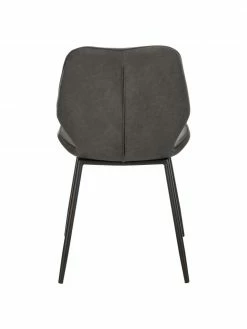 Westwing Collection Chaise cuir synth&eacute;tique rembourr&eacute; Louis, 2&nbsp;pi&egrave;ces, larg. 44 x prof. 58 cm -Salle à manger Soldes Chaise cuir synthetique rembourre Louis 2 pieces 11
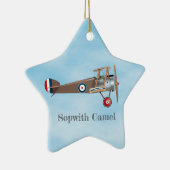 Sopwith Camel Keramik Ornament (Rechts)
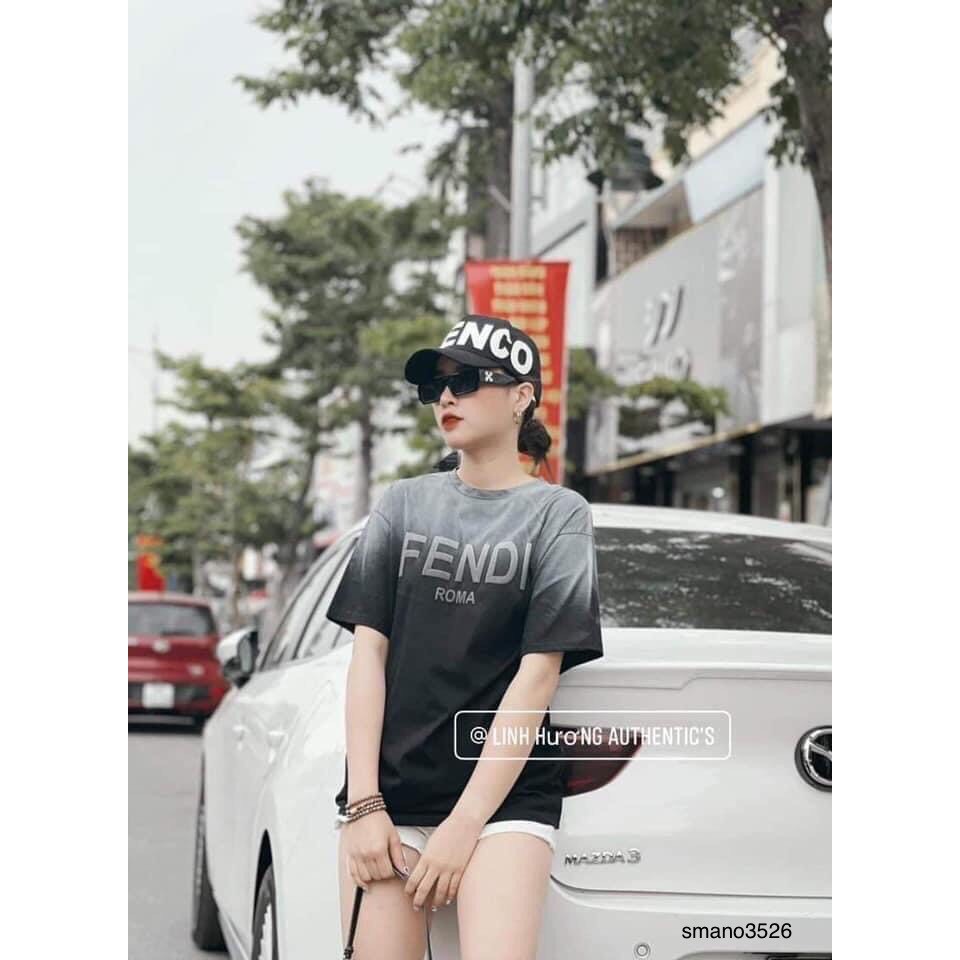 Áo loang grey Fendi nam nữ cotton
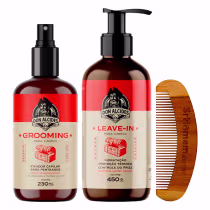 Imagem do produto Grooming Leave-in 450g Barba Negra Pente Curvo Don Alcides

- - -

WORK TASK: Transcribe each line of the material above verbatim, but do not include the images.

WRITTEN RESPONSE:
 Westwing Collection Chaise cuir synth&eacute;tique rembourr&eacute; Louis, 2&nbsp;pi&egrave;ces, larg. 44 x prof. 58 cm -Salle à manger Soldes Chaise cuir synthetique rembourre Louis 2 pieces 11
 Sopwith Camel Keramik Ornament (Rechts)
 Áo loang grey Fendi nam nữ cotton
 Imagem do produto Grooming Leave-in 450g Barba Negra Pente Curvo Don Alcides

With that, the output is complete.